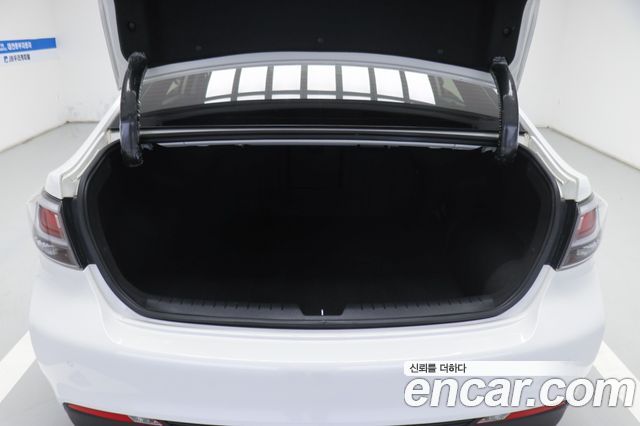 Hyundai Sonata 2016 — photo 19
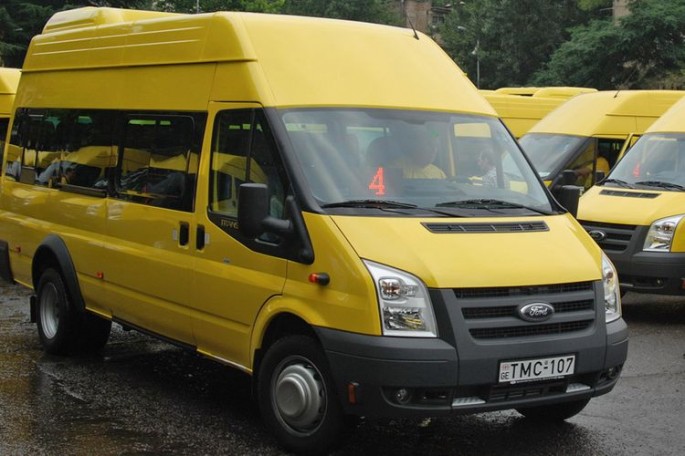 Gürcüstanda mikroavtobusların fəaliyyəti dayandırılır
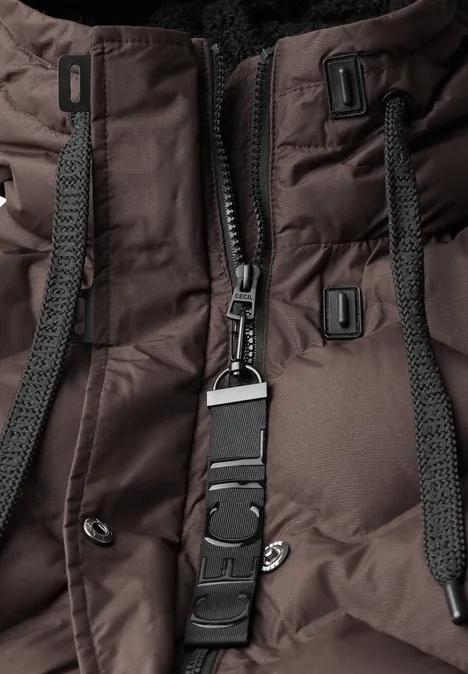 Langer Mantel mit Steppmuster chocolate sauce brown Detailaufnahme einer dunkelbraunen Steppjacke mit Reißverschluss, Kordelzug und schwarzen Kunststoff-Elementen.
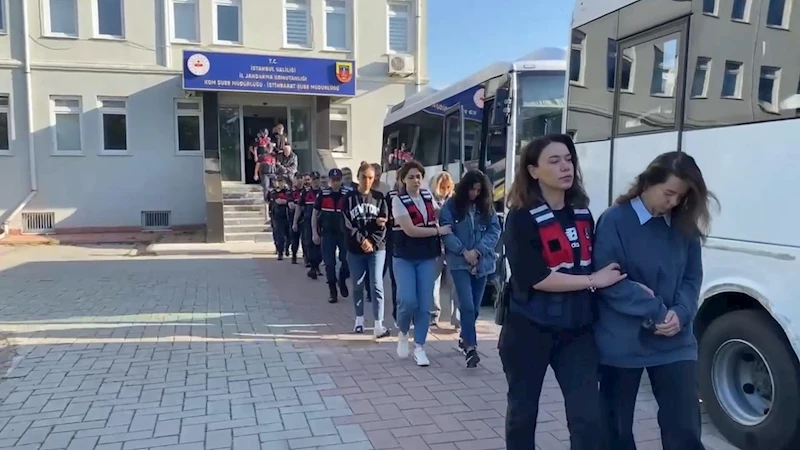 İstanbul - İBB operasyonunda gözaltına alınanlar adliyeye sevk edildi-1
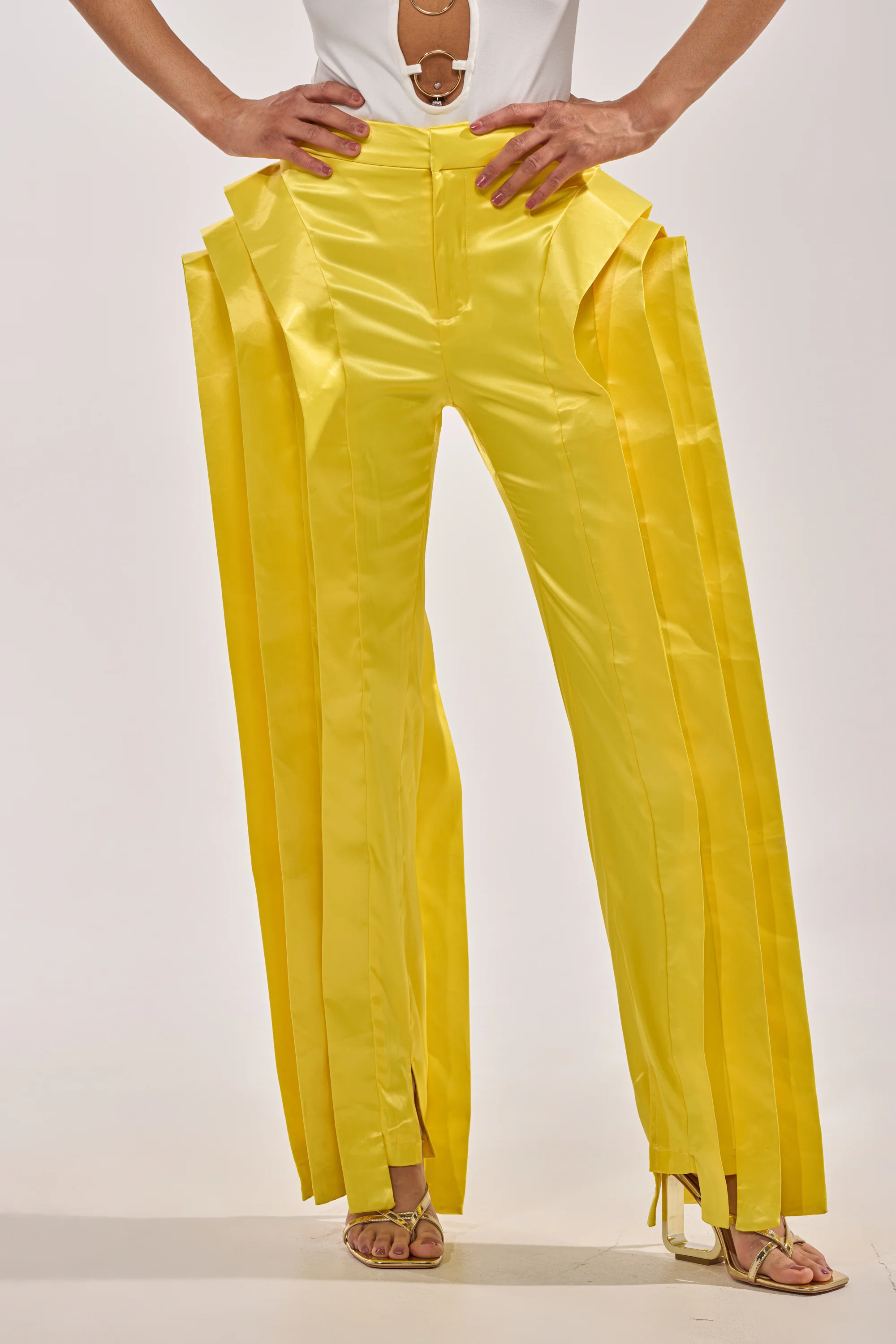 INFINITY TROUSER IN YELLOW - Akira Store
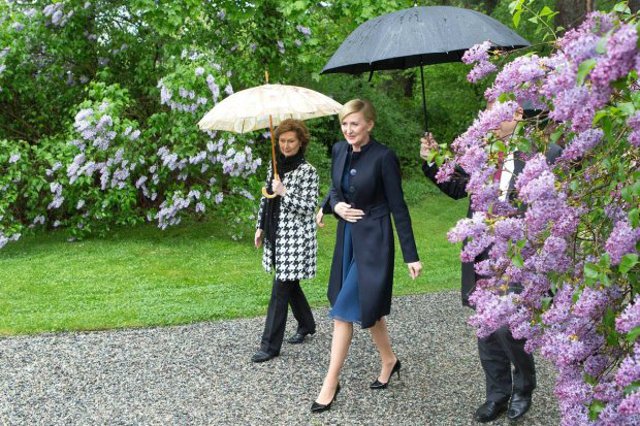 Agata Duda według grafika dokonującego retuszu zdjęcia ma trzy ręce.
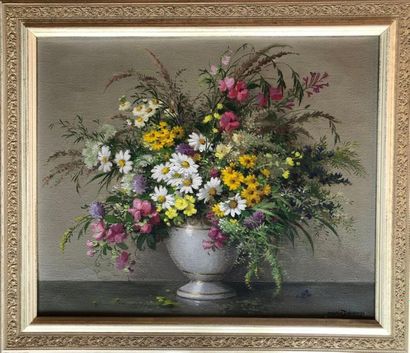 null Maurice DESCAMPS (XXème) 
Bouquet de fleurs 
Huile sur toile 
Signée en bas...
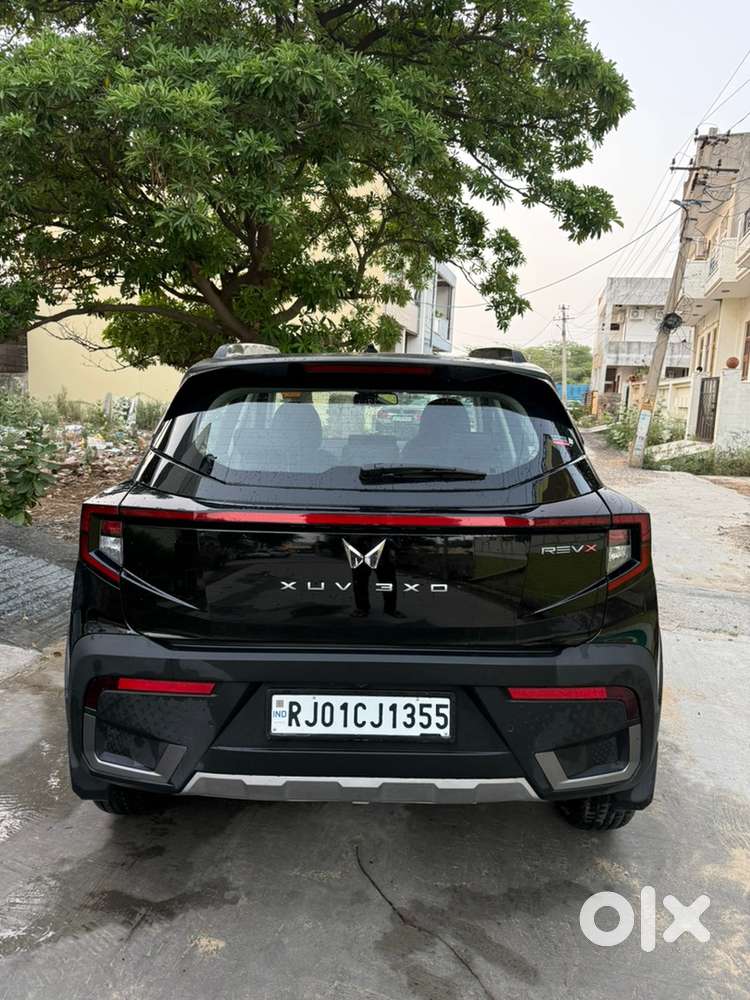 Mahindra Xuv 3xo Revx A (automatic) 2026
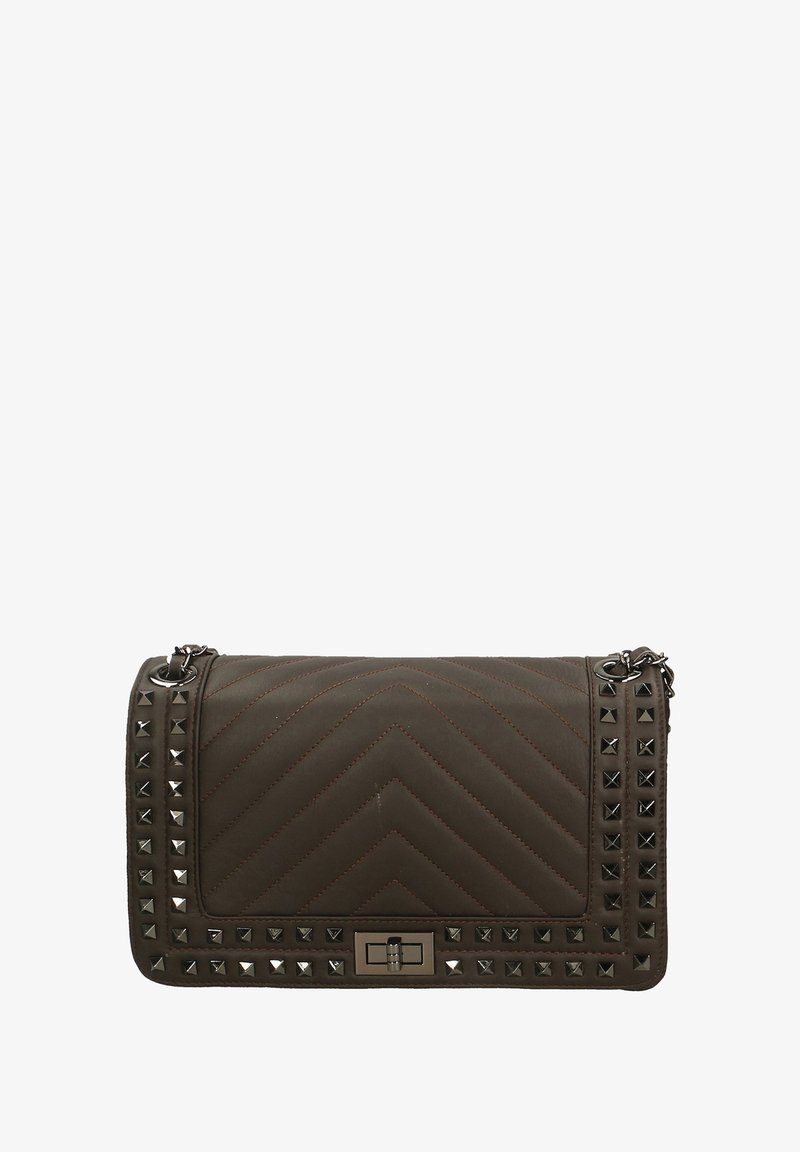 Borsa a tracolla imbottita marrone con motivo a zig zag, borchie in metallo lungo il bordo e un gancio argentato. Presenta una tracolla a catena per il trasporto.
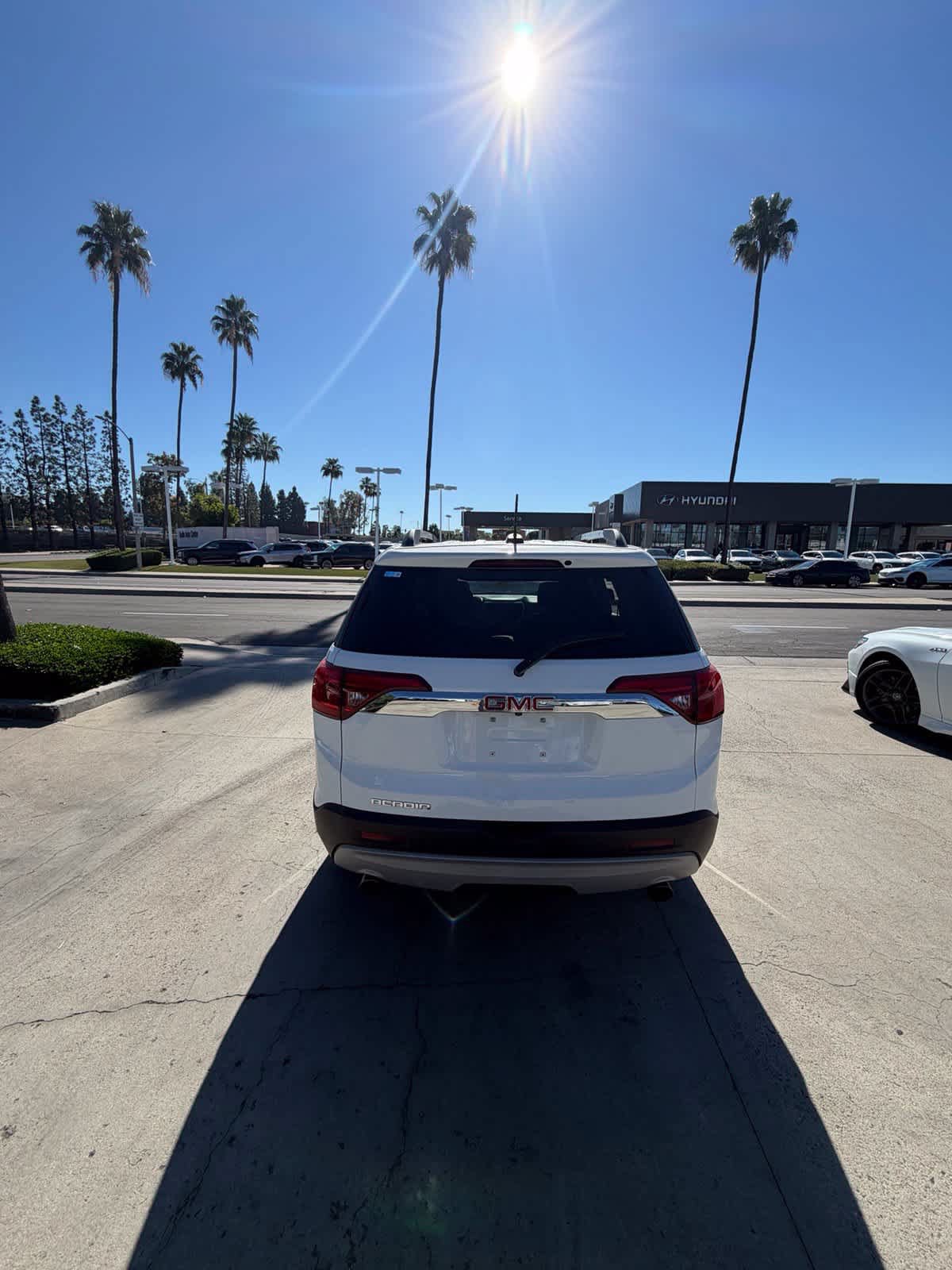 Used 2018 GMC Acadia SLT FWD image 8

◇ ◇ ◇ ◇ ◇

Repeat the data exactly, excluding the pictures.

 Hyundai Sonata 2016 — photo 19
 Gürcüstanda mikroavtobusların fəaliyyəti dayandırılır
 Langer Mantel mit Steppmuster chocolate sauce brown Detailaufnahme einer dunkelbraunen Steppjacke mit Reißverschluss, Kordelzug und schwarzen Kunststoff-Elementen.
 İstanbul - İBB operasyonunda gözaltına alınanlar adliyeye sevk edildi-1
 INFINITY TROUSER IN YELLOW - Akira Store
 Agata Duda według grafika dokonującego retuszu zdjęcia ma trzy ręce.
 null Maurice DESCAMPS (XXème) 
Bouquet de fleurs 
Huile sur toile 
Signée en bas...
 Mahindra Xuv 3xo Revx A (automatic) 2026
 Borsa a tracolla imbottita marrone con motivo a zig zag, borchie in metallo lungo il bordo e un gancio argentato. Presenta una tracolla a catena per il trasporto.
 Used 2018 GMC Acadia SLT FWD image 8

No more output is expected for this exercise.